In other cases, class action plaintiffs may well be able to cure the second deficiency by putting on affidavit evidence from the applicant. The first deficiency, however, may frequently pose practical difficulties for potential plaintiffs. Without documentary evidence there may not be a proper basis to plead a shareholder class action, but if the Court will not grant preliminary discovery simply on the basis of the timing of announcements viewed in hindsight, it may be impossible in practice to obtain the documentary evidence, at least where the potential defendant can put forward evidence which plausibly explains the sequence of events.
ACA's conduct in book-building
Kerr J went further and said that he would have declined the application in any event as a matter of discretion, in light of ACA Lawyers' conduct. His Honour's concern was that while prosecuting an action for preliminary discovery of documents to decide whether to proceed, ACA was at the same time promoting the class action – "book-building" – in terms which indicated that they had already decided to commence proceedings. The Court found that various statements on the ACA website to this effect "conveyed at least inaccurate and false impressions".
The Court was particularly concerned that these statements continued to be published on the ACA website after the application had commenced and ACA had been put on notice as to the inaccuracy of the statements.
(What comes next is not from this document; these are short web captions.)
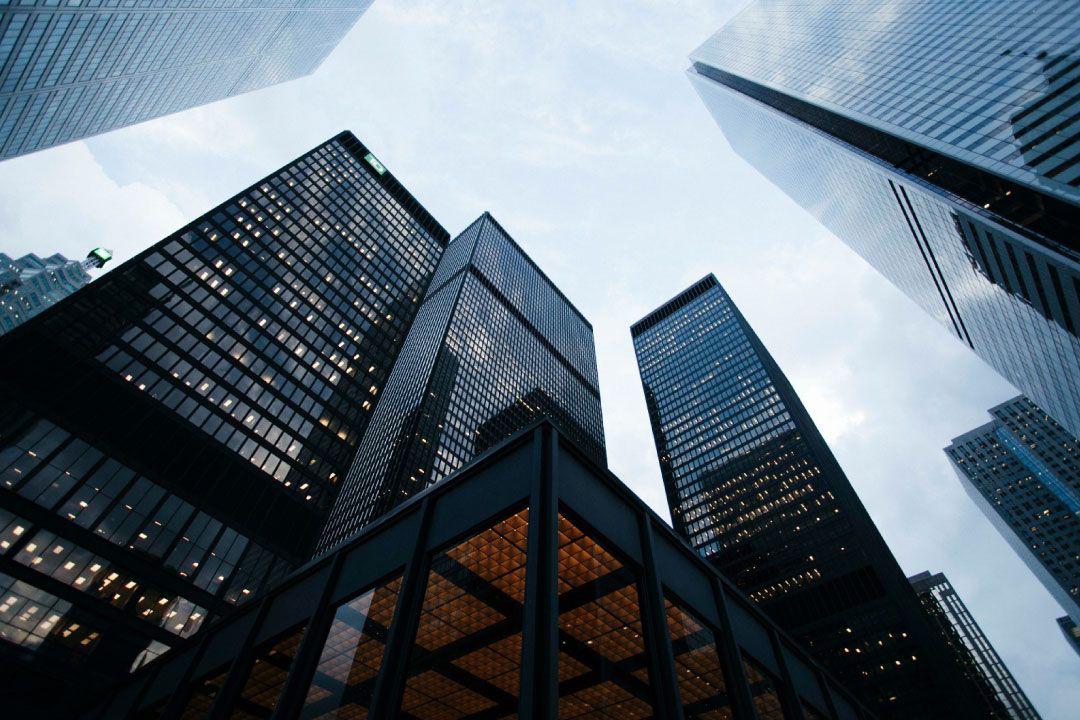 El mercado de oficinas en Bogotá vive un repunte histórico: 50% de las empresas planea ampliar espacios, impulsando la ocupación total en edificios premium del CBD.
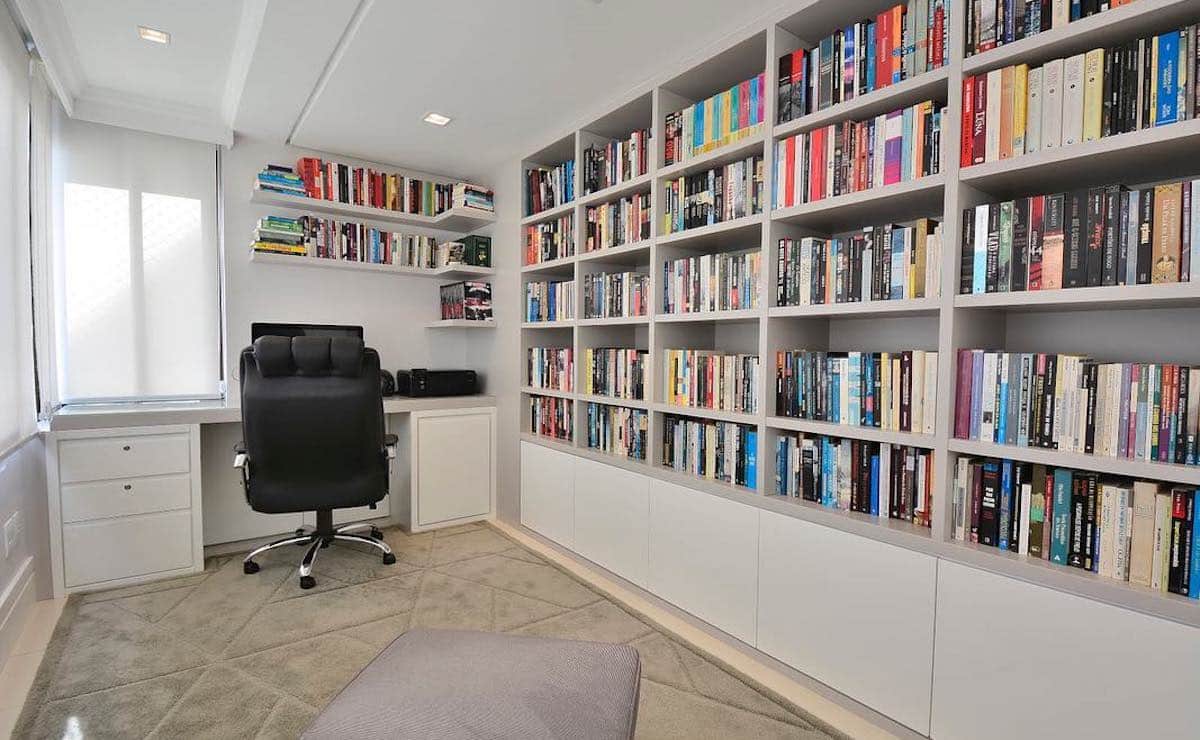 Estante de Livros: 10 Projetos para Você Expor sua Coleção 3 Estante de livros decorada com elementos diversos.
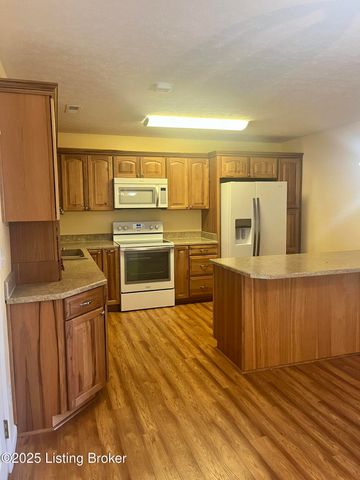 1580 Overlook Cir, Shelbyville, KY 40065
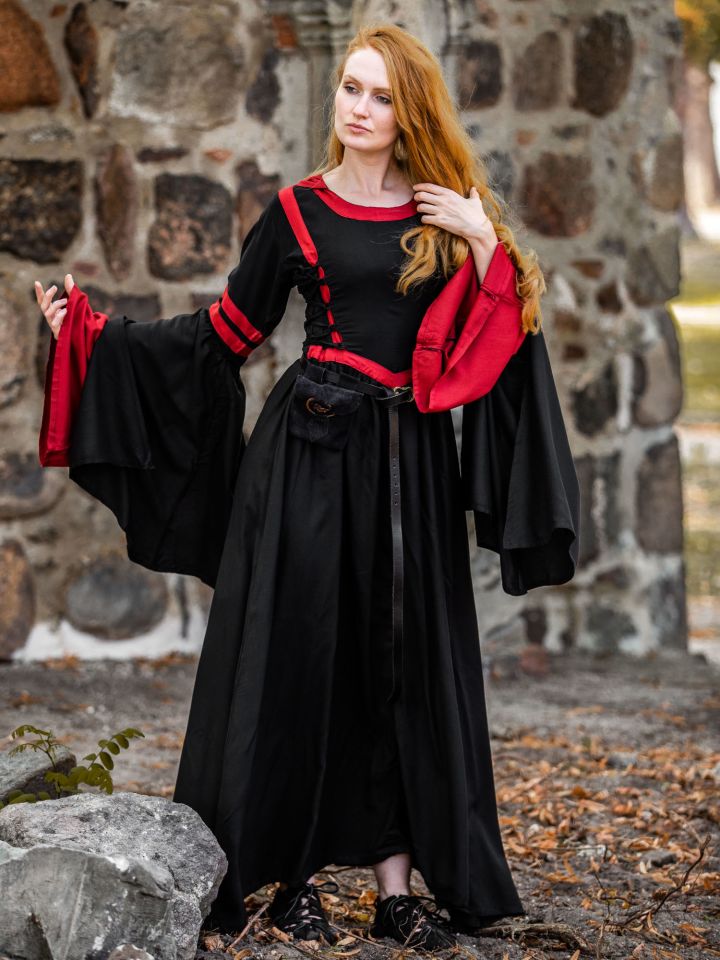 Kapuzenkleid aus Viskose schwarz-rot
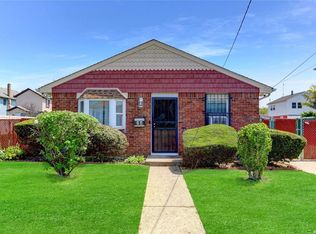 24 Monroe St, Inwood, NY 11096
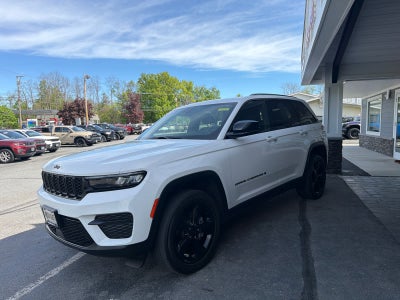 2023 Jeep Grand Cherokee Altitude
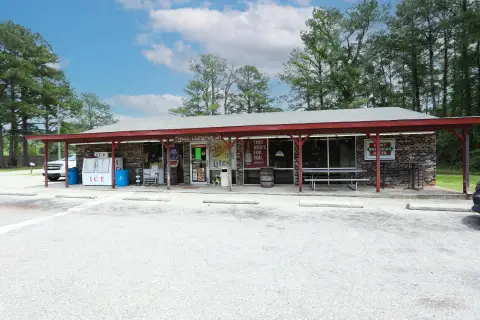 Established Country Store For Sale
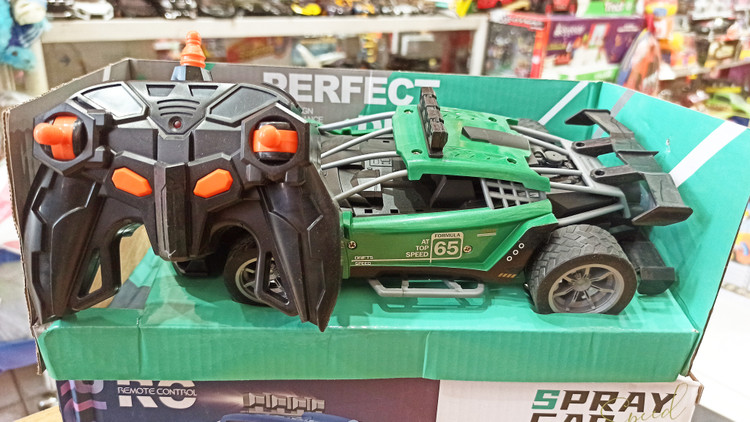 اسباب بازی ماشین کنترلی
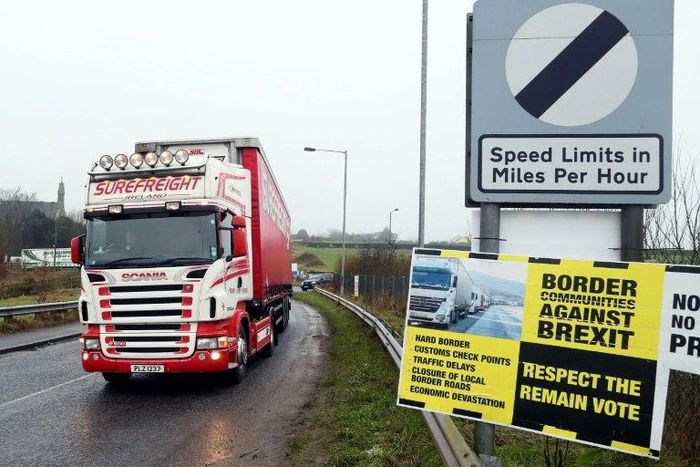 The Irish border issue is one of the key Brexit problemsthat Brussels and London have to resolve before moving on to negotiations about future trade ties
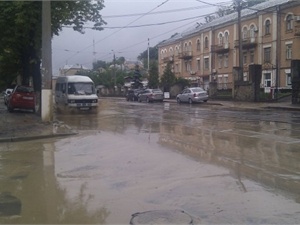 В Киеве - настоящий потоп. 
Фото mudzhyri.livejournal.com

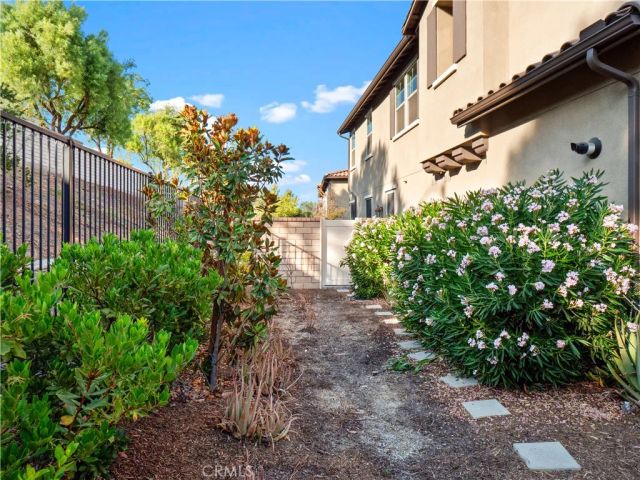 28645 Jardineras Drive, Valencia, CA 91354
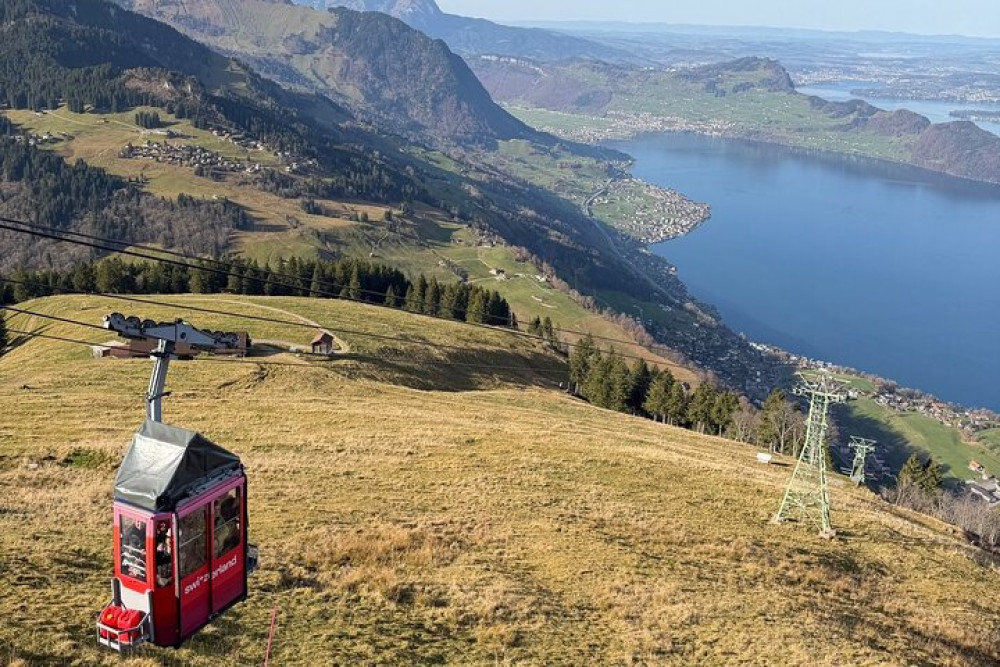 Hike above Lake Lucerne and Fondue Private Tour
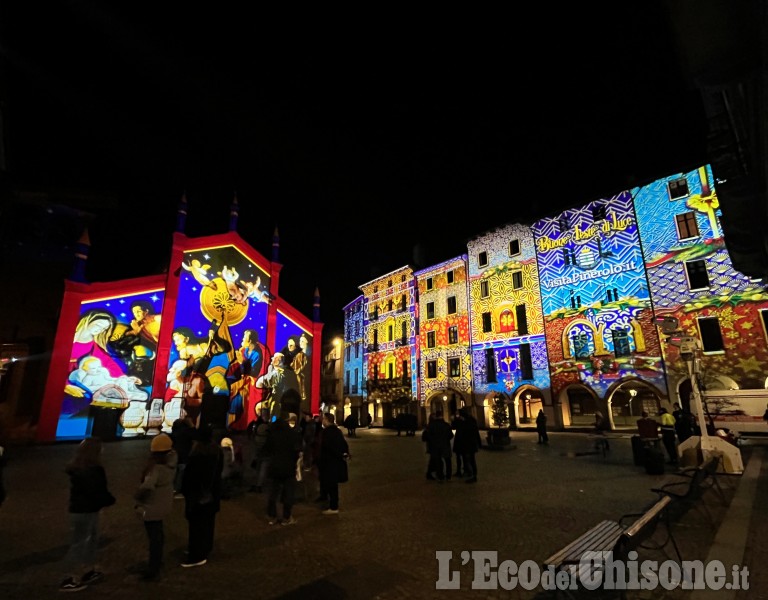 Pinerolo si accende di luce per Natale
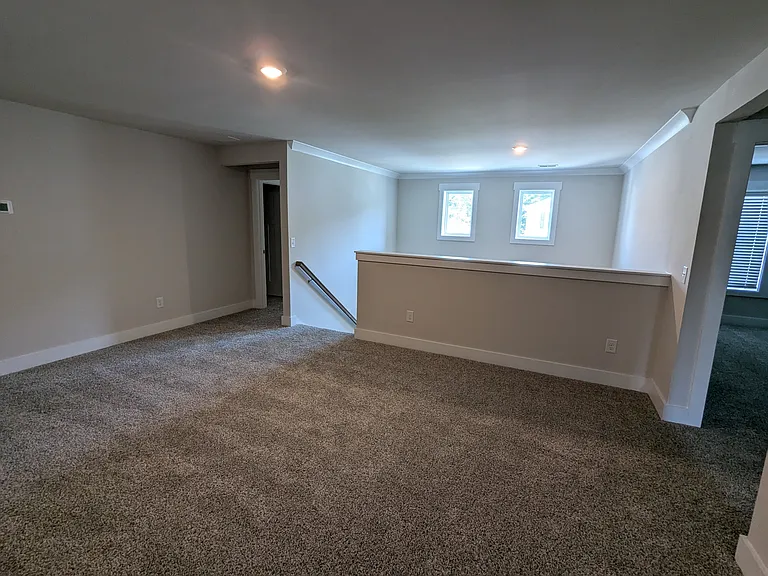 416 Roderick Ln — Photo 12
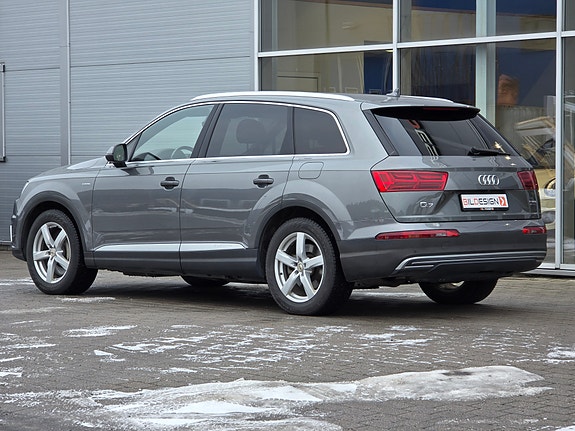 Audi Q7 5 of 30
His Honour concluded that:
ACA Lawyers' conduct cannot be accepted to be usual practice in this area of legal practice. Even if it be usual practice, that practice may nevertheless be wrong and require correction. Kerr J therefore referred his reasons for decision to the Office of the Legal Services Commissioner (NSW).
Fraud on the market
In the course of his reasoning, Kerr J also noted that the draft statement of claim put forward by Mr Bonham invoked the doctrine of "fraud on the market" as a way of satisfying the requirement of causation. His Honour briefly discussed the doctrine and observed that, to date, there has been no instance where the doctrine has been given effect in Australia to establish causation. Noting recent remarks of Perram J in Grant-Taylor v Babcock & Brown (in Liquidation),
his Honour observed:
In my view it goes too far to treat the obiter remarks of Perram J as doing more than endorsing the efficient market hypothesis as an available mechanism to measure loss.